Kirkus reviews sniffs, “Cookies made with instant oatmeal and Snickers bars are way too sweet, and St. Paddy’s Whole Wheat Oatmeal Bread has the texture of sawdust and a dog-biscuit taste only Tiger could love. A final chapter gives recipes from the cast members themselves, including Eve Plumb’s lamely joking instructions for making boiled water out of ice. Even intense nostalgia cannot justify this book.”

Incidentally, the publisher of that inestimable volume also offer Mary Ann’s Gilligan’s Island Cookbook, but Granny’s Beverly Hillbillies Cookbook and Aunt Bee’s Mayberry Cookbook are totally by somebody else. Don’t even get me started on the I Love Lucy Cookbook!

Good weekend, all!

June 6, 2014 — 10:22 pm
Comments: 20

The weakest of weak tea

So Obama delivered a few bland, wet remarks about Scottish independence at a press conference for the G7 summit. It was a classic Obama “on the one hand this, on the other hand that” nothingburger.

Douglas Alexander, the shadow Foreign Secretary (that means the party out of power) noted, “His clear statement of support for the UK staying together will resonate with many of us here in Scotland.” Which is a hilariously (an hilariously?) inapt description of his few weak, mumbled lines.

I don’t know how to break it to anybody here, but we have never had an American president who gave less of a small wet fart about Britain, Europe…the whole of Western Civ. Dude is an African/Indonesian/Hawaiian Muzzy simp with a side order of Pok-e-stohn.

p.s. by the way — go Scottish independence! If they break away, Britain will never have a Lefty government again.

June 5, 2014 — 10:44 pm
Comments: 17

Headline: “Man disappointed with penis enlarger”

I should think so.

“The instructions that came with the package merely read: ‘Do not use in sunlight’.”

Words to live by.

“Men and women are equally vulnerable to these scams.”

Ehhhh…I don’t think so.

June 4, 2014 — 10:28 pm
Comments: 12

Oh, that is some cherce stupid

Check this out; it’s a flyer someone poked through our next-door neighbor’s mail slot just before the Euro elections two weeks ago.
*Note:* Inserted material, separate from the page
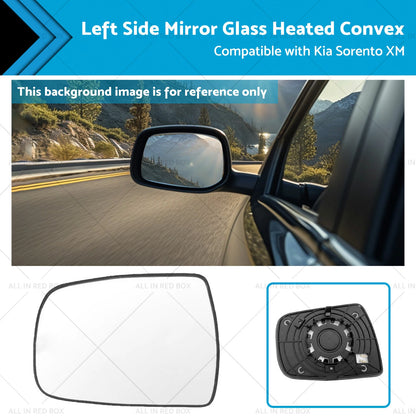 Heated Convex Left Side Mirror Glass with Base for Kia Sorento (2011-2015)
For some reason, they didn’t put one in our box, so she shared.

It’s from the World Socialist Party, and it’s a truly rich and steamy vein of bullshit. Here are highlights from the above excerpt:

There is no money. There is no war. There are no rich people. There are no poor people. There are no leaders. All decisions are shared. All responsibilities are shared.

[…]

You now have no bills to pay, no rent, no mortgage, no debts. Everything is free, nothing is for sale, and neither are you. But you want to help, just like others do.

[…]

You might have chosen to drive a bus or a train, fix plumbing, coordinate a data network, plough a field, teach a child, organise an event, study engineering, cure a disease, brew beer, rehearse a play. You might choose to work four hours a week, or fouteen or forty.
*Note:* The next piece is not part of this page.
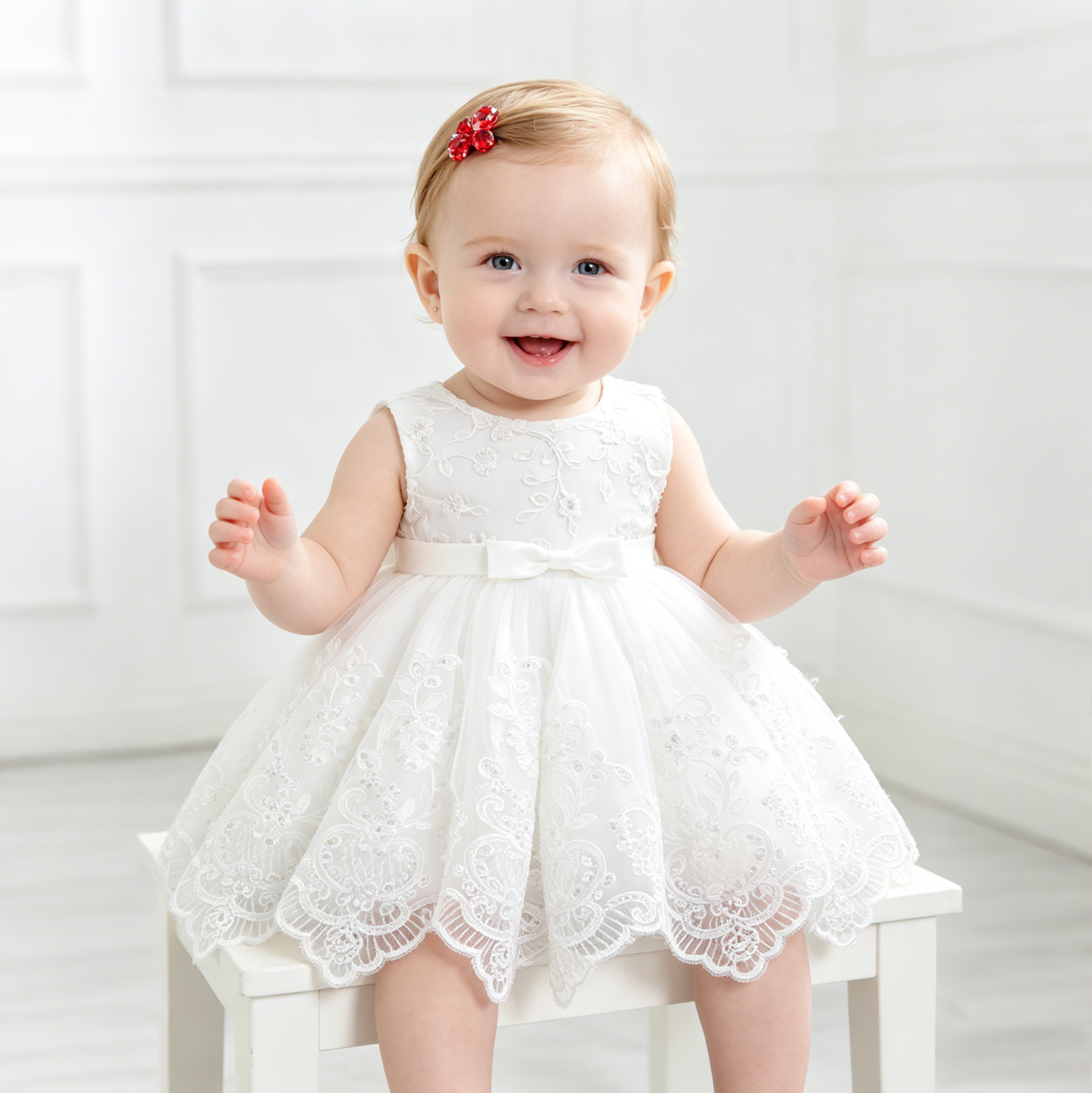 5277 Wholesale Luxury White Cotton Infant Baby Girl Baptism Dress Set Afghan Style 8 Months Kids Children Daily Wear Baptism Gown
So, lemme get this straight, four hours a week I brew beer (if I feel like it). For ten hours a day, my neighbor ploughs a freaking field he doesn’t own to grow crops he doesn’t control. Then we share equally in everything. Oh, no need for leaders or guys with guns to make this happen or anything.

Does anybody really believe this could work? C’mon. It has to be a put on, surely.

Click the picture for the whole flyer; there’s much more stupid where that came from. Or visit their website, if you think you can keep a straight face.

What do you bet their meetings always end in bitter acrimony and down-twinkles.